Utah highway boss: 1 in 8 users using express lane illegally
Carpool express lanes are carrying about twice as many passengers as regular freeway lanes in Utah, with traffic moving 5 to 6 mph faster with fewer accidents.
At the same time, about one of every eight vehicles traveling in the express lanes is doing so illegally.
That's according to an annual report on the high occupancy vehicle lanes, given to legislators Wednesday by the Utah Department of Transportation.
Utah has 62 miles of such lanes on Interstate 15 along the Wasatch Front and is about to add 10 more miles in Davis County. That is the longest stretch of express lanes in the country, said UDOT Executive Director Carlos Braceras.

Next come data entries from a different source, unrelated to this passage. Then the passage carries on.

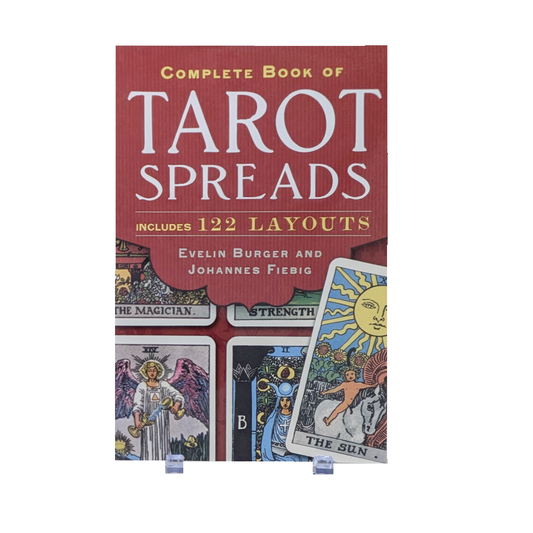 Complete Book of Tarot Spreads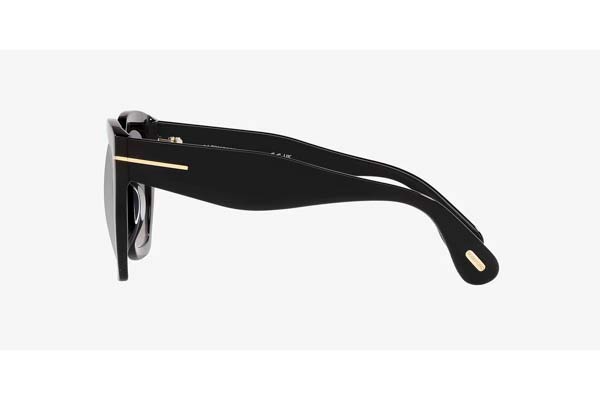 Tom Ford modello FT0939 PHOEBE di colore 01B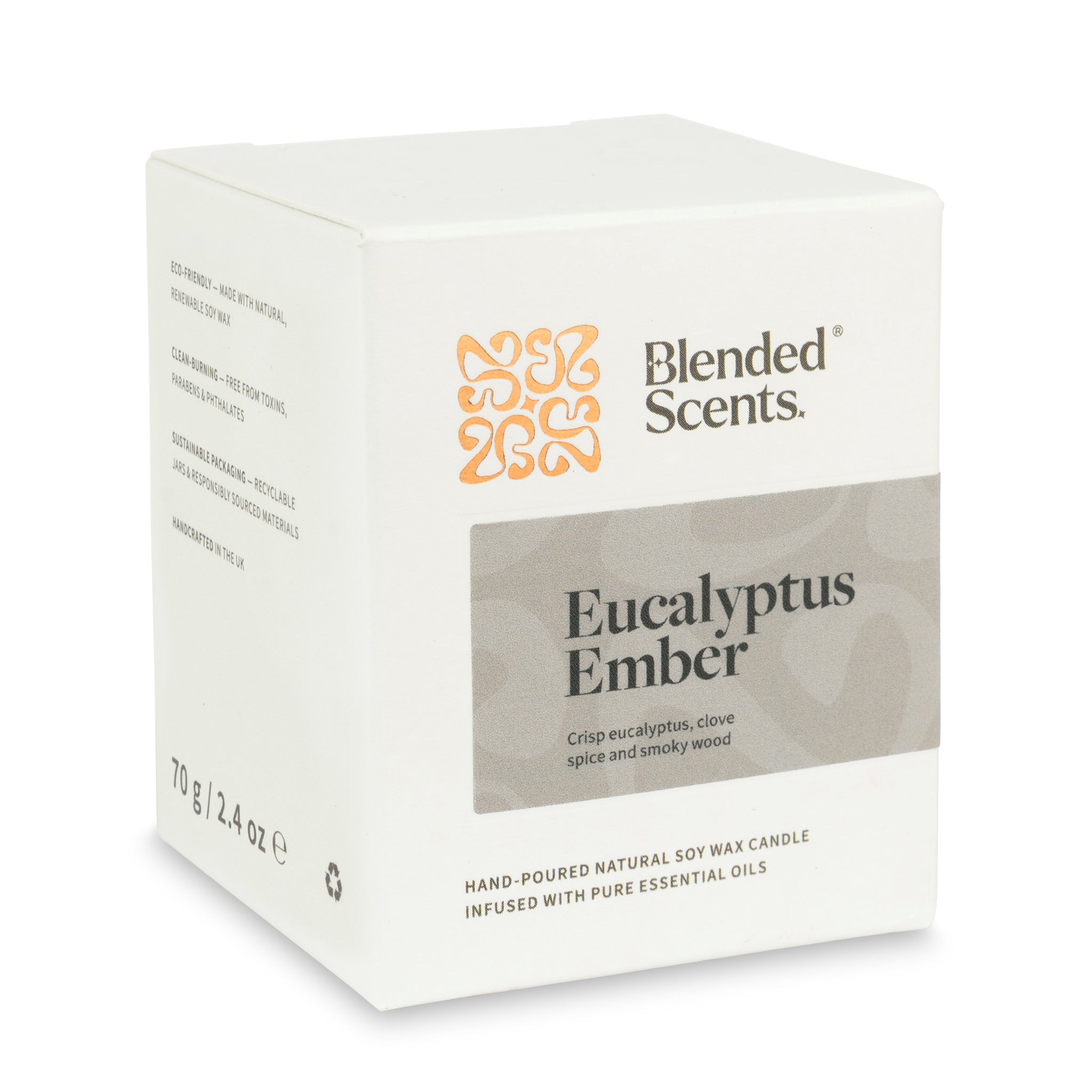 Eucalyptus Ember Candle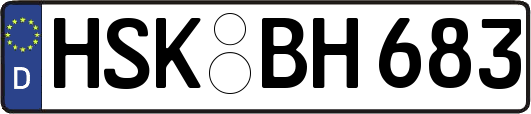 HSK-BH683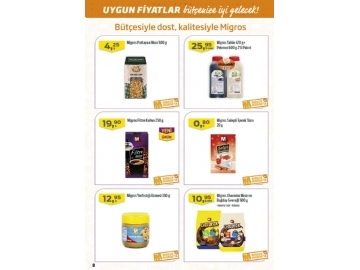 Migros 18 Kasm - 1 Aralk Migroskop - 45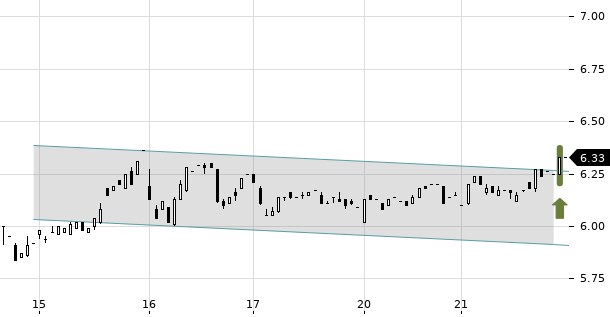 UBS TrendRadar Bild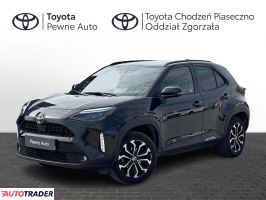 Toyota Pozostałe 2023 1.5 125 KM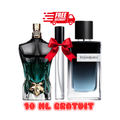 LE BEAU LE PARFUM+ Y EDP + 10 ML GRATUIT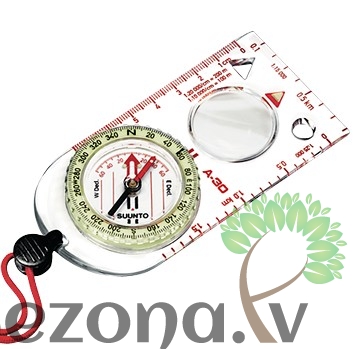 SUUNTO A-30 NH USGS COMPASS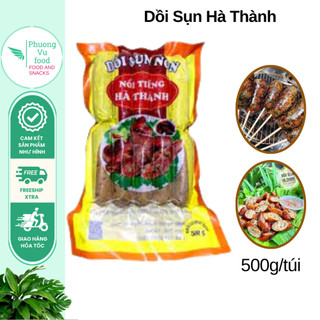Dồi sụn hà thành 500g/túi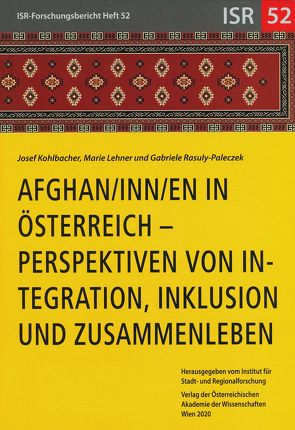 Afghan/inn/en in Österreich von Kohlbacher,  Josef, Lehner,  Marie, Rasuly-Paleczek,  Gabriele
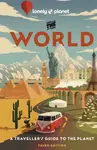 Lonely Planet The World - Mark Baker, Anthony Ham, Regis St Louis, Lioy Stephen, Ray Bartlett, Lonely Planet, David Eimer, Nanjala Nyabola, Cristian B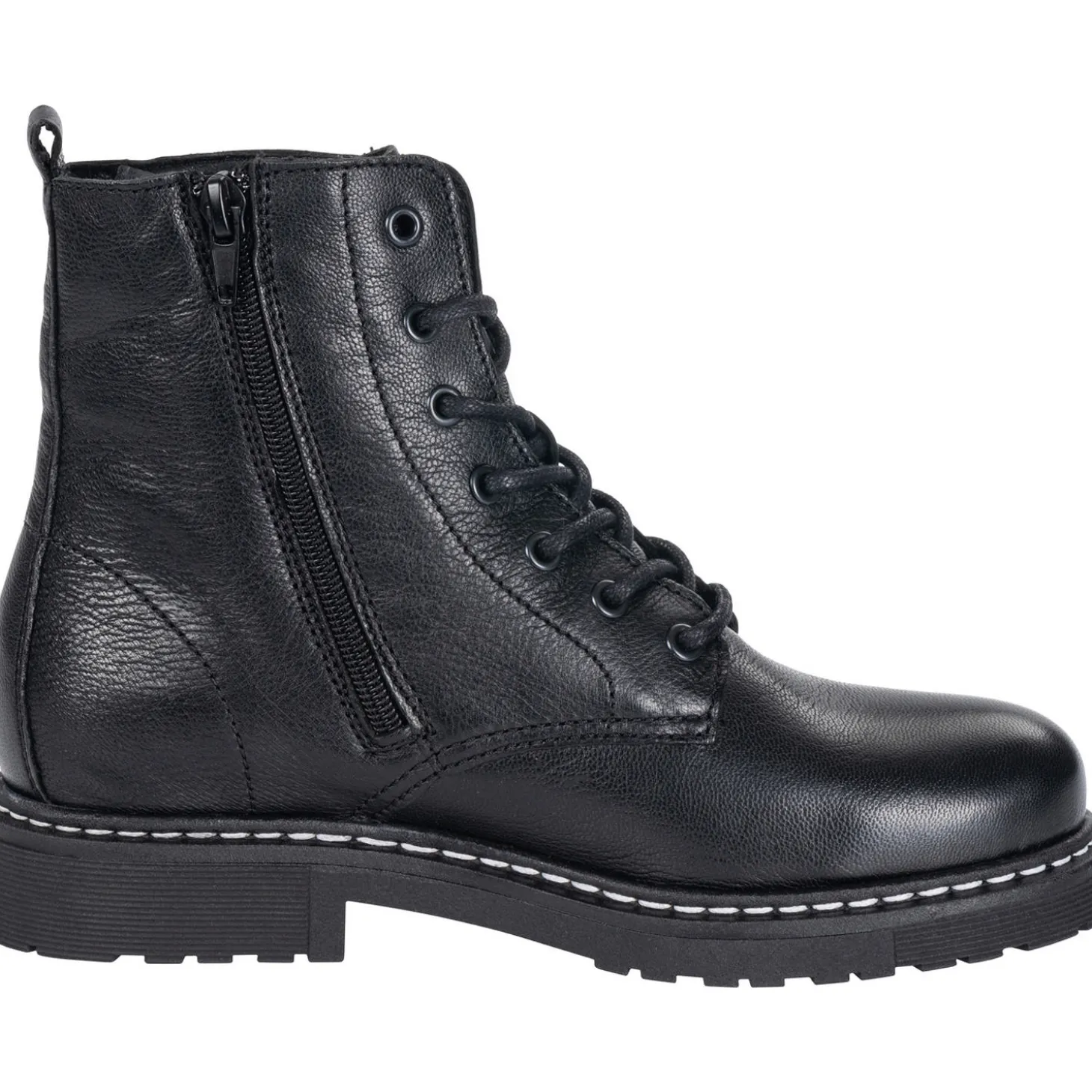 Palado Biak, Schnürstiefeletten, Damen, Schwarz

"The express lanes are moving almost twice as many people as general-purpose lanes," about 3,600 per hour compared to 1,900, Braceras said. That is mostly because cars in the carpool lane carry more passengers.
Braceras said surveys show about 12 percent of cars there are violators, down about 1 percent from last year after some enforcement blitzes by the Utah Highway Patrol.
Carpools account for 63 percent of vehicles in the lanes. Braceras said the 5 to 6 mph faster speeds there help encourage carpools.
Another 19 percent of cars in the express lanes are single-passenger vehicles paying tolls. Another 4 percent are clean-fuel vehicles, which may use the lanes for free. And 2 percent are buses or motorcycles, also allowed toll-free.
Express lanes carry 10.3 percent of all traffic but have only 6.2 percent of the crashes. The improved safety record is because cars move in and out of express lanes less often than other lanes and also have no traffic to their left, Braceras said.
Braceras said It costs Utah $840,000 to operate a toll system with electronic transponders to allow single-car drivers to use the carpool lanes, and the system brings in only $672,000 in revenue.
Braceras said UDOT is working with the contractor that operates the transponders to try to close that funding gap.